BATNA müzakere yapan taraflardan birinin karşı taraf ile anlaşıp anlaşmama konusunda kayıtsız kaldığı ‘’Reservasyon’’ noktasının yani en kötü senaryonun bir sonraki basamağıdır. Bunun bir sonucu olarak, müzakere masasında alternatifin direk ileri sürülmesi muhtemel anlaşmazlıklara yol açacağı için, taraflar son ana kadar BATNA’sını saklama eğilimdedir. Bu eğilim müzakere yapılan anlaşmanın yanında müzakere yapılan kişiye göre de farklılık göstermelidir çünkü sektörel bilgisi yüksek olan ve otorite olarak kabul edilen müzakere profesyonelleri, çapa değeri oluşturmak için ilk teklifi yapma ve karşı tarafın BATNA’sı hakkında bilgi talep etme konusunda daha fazla özgüvene sahiptir. Dolayısıyla müzakerenin nasıl sonuçlanacağının en başından tahmin edilebildiği, müzakere yapılan taraflardan birisinin otorite gücünü kullanabileceği ve ilişkilere zarar verebilecek olumsuz durumların ortaya çıkmasının muhtemel olduğu durumlarda, BATNA’nın müzakerenin en başında masada olması yanlış olmayacaktır.
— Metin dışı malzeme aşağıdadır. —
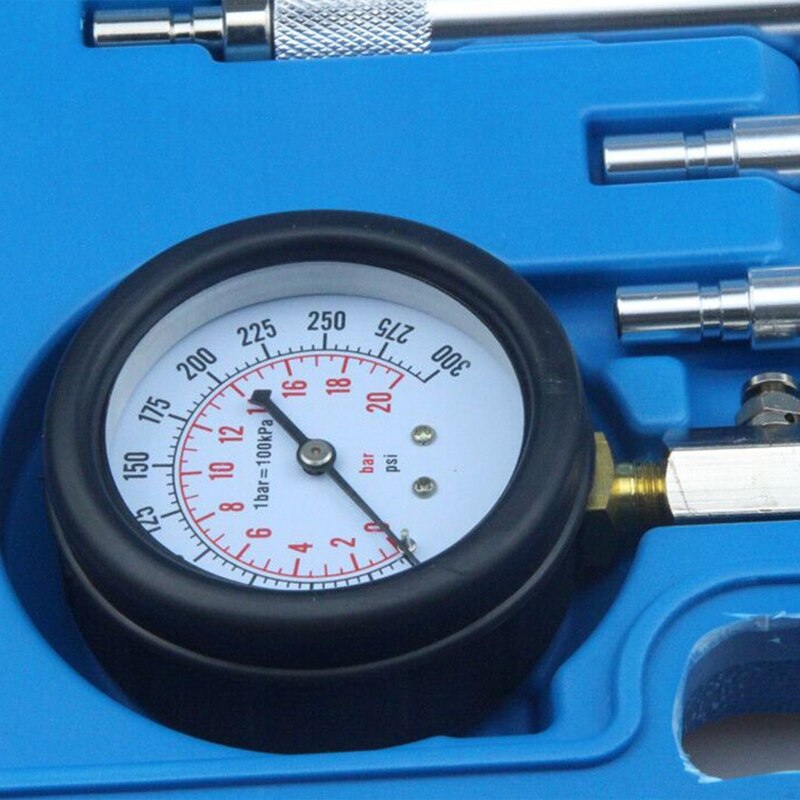 Kraftstoff Druck Tester Messgerät Bausatz Gasolines Gas Injektion Manometer Werkzeug einstellen Mit Inline Montage Schrader Adapter Für Auto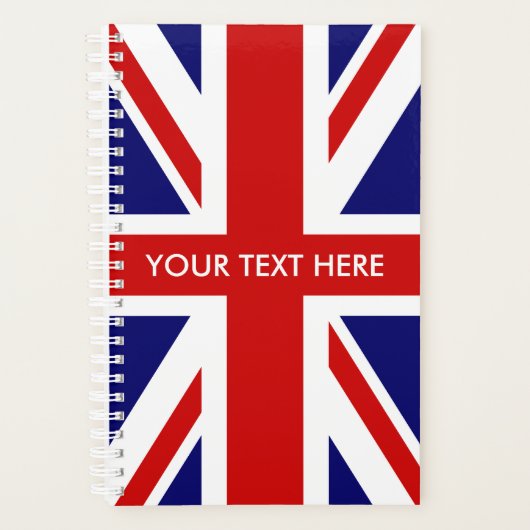 Aangepaste Britse vlag Planner (Voorkant)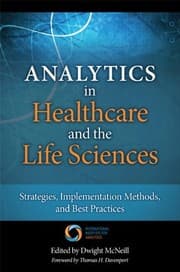 Tapa de Analytics in Healthcare and the Life Sciences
BATNA, müzakereci tarafların masadan kalma zamanını ve masadan kalkınca nereye gitmesi gerektiğini bilmesi açısından bir yol haritası sağladığı için iyi bir müzakere sürecinin olmazsa olmaz parçasıdır ve müzakere masasından elde edilecek kazanımları etkilemektedir. Bu sebeple taraflar mevcut BATNA’sını iyi değerlendirmeli, doğru zamanda kullanmalı ve sebep olacağı sonuçları iyi analiz etmelidir.